With the departure of Jay Leno from the venerable Tonight Show — and ascension of Jimmy Fallon as host — a new generation of late-night television has begun, as well as a shift in political slant.
Leno’s retirement— as one of the most pro-GOP of the late-night crowd – and the show’s move from Los Angeles to New York City with Fallon as host, Tonight is expected to lose much of its heavy hitting political humor and guests, writes Hadas Gold in Politico.
As an example, in his first week, Fallon hosted a visit from First Lady Michelle Obama — a fairly regular visitor to his former Late Night show — but he insists his show will not be the go-to place for heavy interviews with politicians and newsmakers.
The only mention of politics on Thursday’s talk was a nod to how the Healthcare.gov is now working and how children can stay on a parent’s health insurance until age 26.
In contrast, Fallon’s replacement, past Saturday Night Live head writer Seth Meyers says he will focus on politics, with Vice President Joe Biden as one of his first guests.
As the 2014 midterm and 2016 presidential cycles begin, a spot on late-night TV has become effective exposure for candidates, in efforts to humanize politicians and reach out to a (somewhat) younger demographic.
But Leno’s departure changes that dynamic, Gold writes. Both David Letterman and Leno have been reliably political in monologues, Fallon will only address politics if a story gets too humongous to ignore.
“[Johnny] Carson initiated political humor on late-night, but Leno put it on steroids,” says George Mason University head of Center for Media and Public Affairs Robert Lichter, writer of Politics Is a Joke: How TV Comedians Are Remaking Political Life.

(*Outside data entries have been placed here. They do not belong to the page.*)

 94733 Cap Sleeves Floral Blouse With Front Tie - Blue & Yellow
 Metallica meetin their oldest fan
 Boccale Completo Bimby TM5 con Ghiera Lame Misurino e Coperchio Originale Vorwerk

“Leno always told far more political jokes than anyone else,” Lichter adds. “With folks like Fallon and others, you’ve got political humor when something big happens … so, for Fallon, politics is just one of many areas. For Leno, it was a major part of his arsenal.”
Others see Fallon’s easing on politics as a good thing in the end, a movement away from the cynicism of the past few decades.

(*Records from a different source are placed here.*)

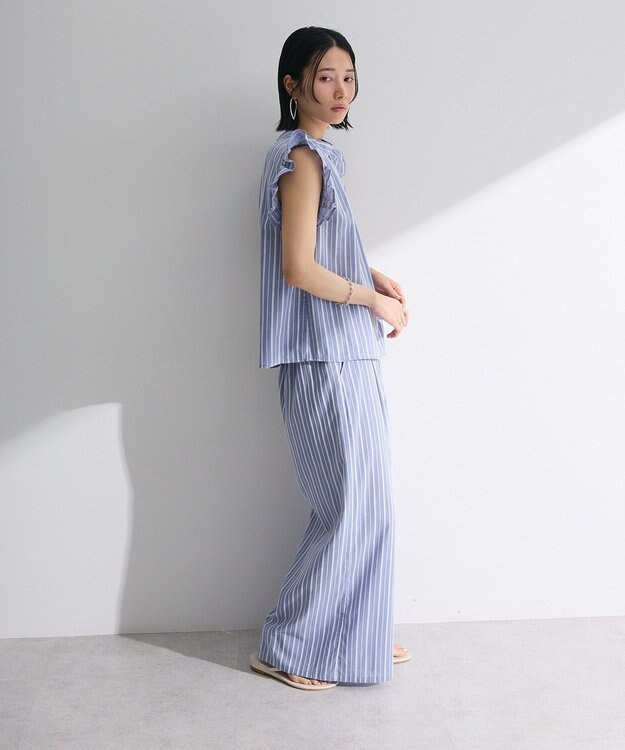 Green Parks ・ＥＬＥＮＣＡＲＥ　ＤＵＥ　ストライプフリルブラウス Blue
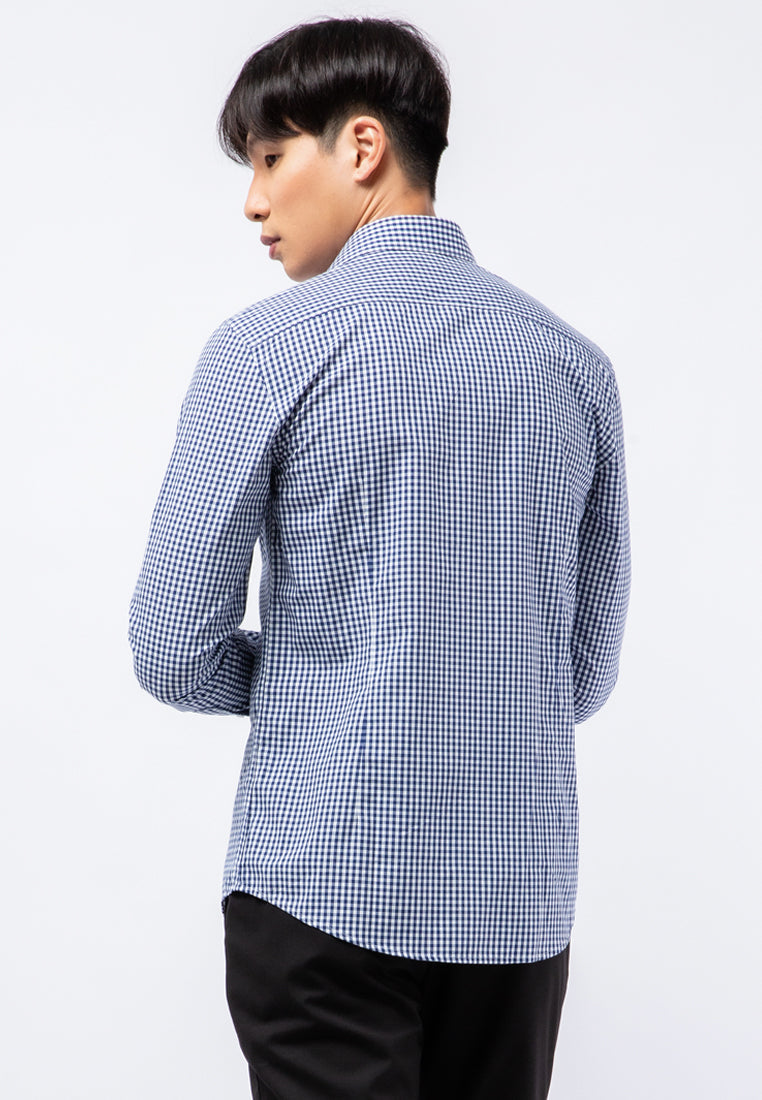 Long Sleeve Micro Check Shirt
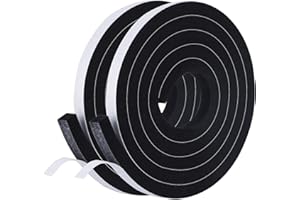 BYNSAER Self-Adhesive Sealing Tape for Doors and Windows, 12 mm (W) x 10 mm (D)/4 m Foam Adhesive Tape, Rubber Seal Against Cold Draughts, Anti-Collision, Soundproof, Waterproof, Dustproof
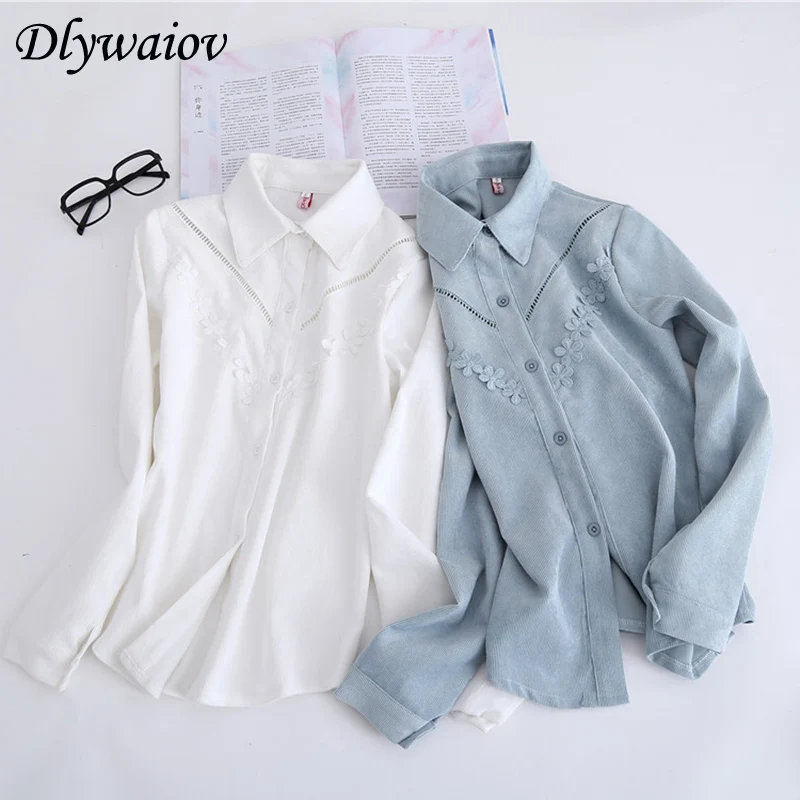 

Fall Square Collar Shirt Women Lace Openwork Applique Simple Versatile Harajuku Fashion Blue White Shirt Long Sleeved Blouse
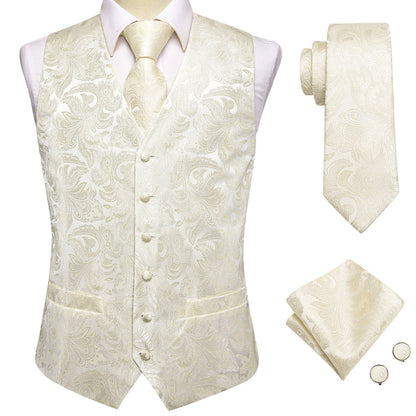 Beige White Paisley Jacquard Silk Vest Set vest set    - Sophisticated Gentlemen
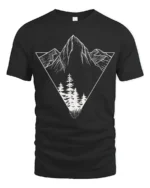 Minimalist Mountain Forest Triangle Graphic T Shirt Nature Style Tee - black t-shirt on white background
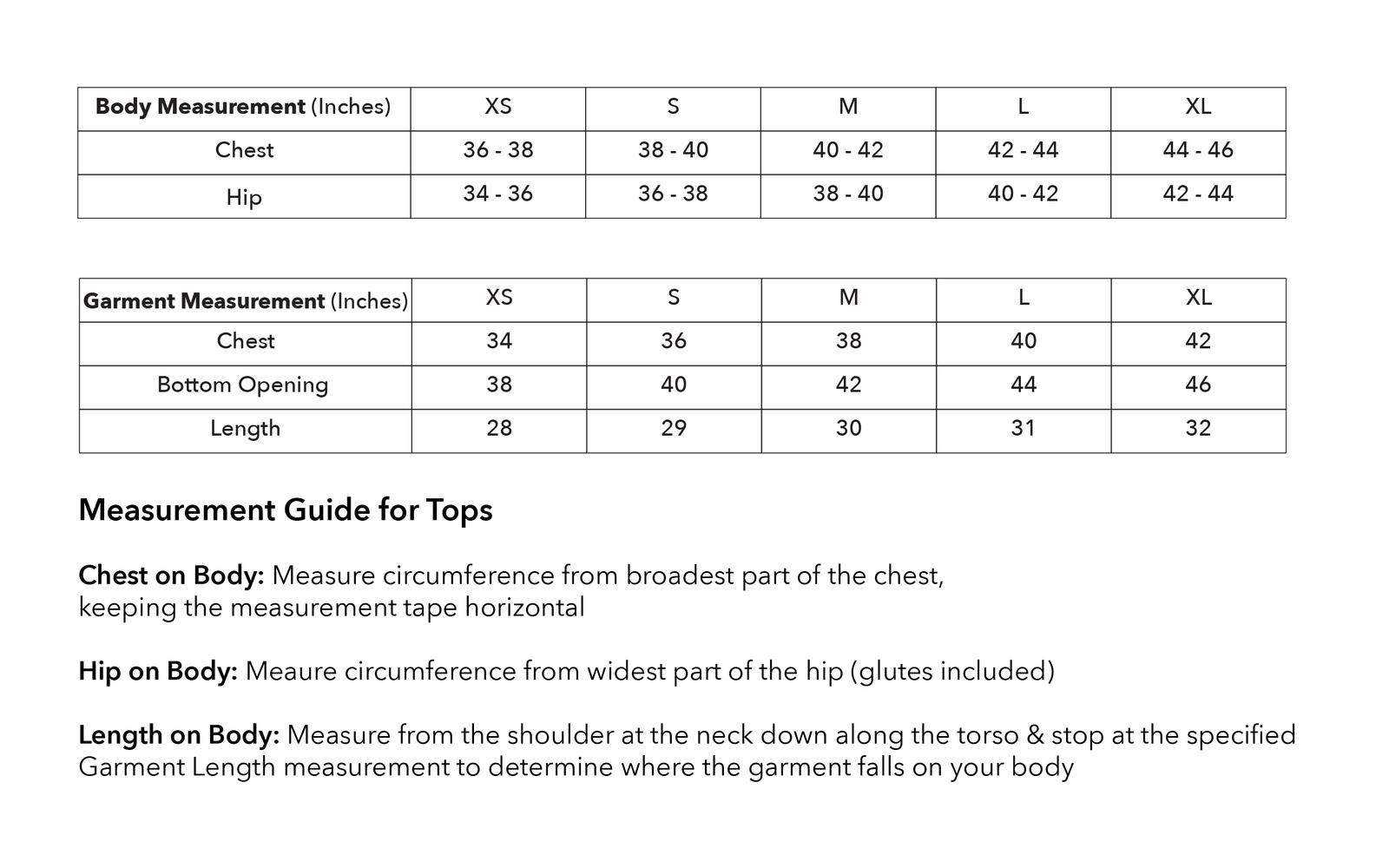 Size guide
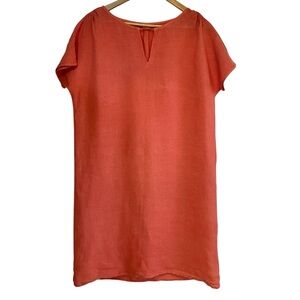 120% Lino linen short sleeve lightweight shift dress size 44 excellent condition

A playful attitude with politicians will be more beneficial to a candidate and the chances of one of Fallon’s bits — like his “slow jam” with President Barack Obama – is likely to “go viral.”
Last year, Leno announced he was on his way out, conservatives lamented his impending departure, even though Leno refers to himself as a fiscal conservative, but socially liberal.
“When you’re trying to build buzz for a new host, having your stuff repeated in politically oriented news is going to get it out to a wider audience,” Lichter says. “So let’s see if Fallon remains what he has been or if he tries to use some of the things Leno led the way on, even if he doesn’t go as far as Leno did.”
“Fallon isn’t particularly good or interested in interviewing big-name politicians,” he adds. “But if you have presidential candidates going on the other shows and not on your show, you may have a problem, whether you like it or not.”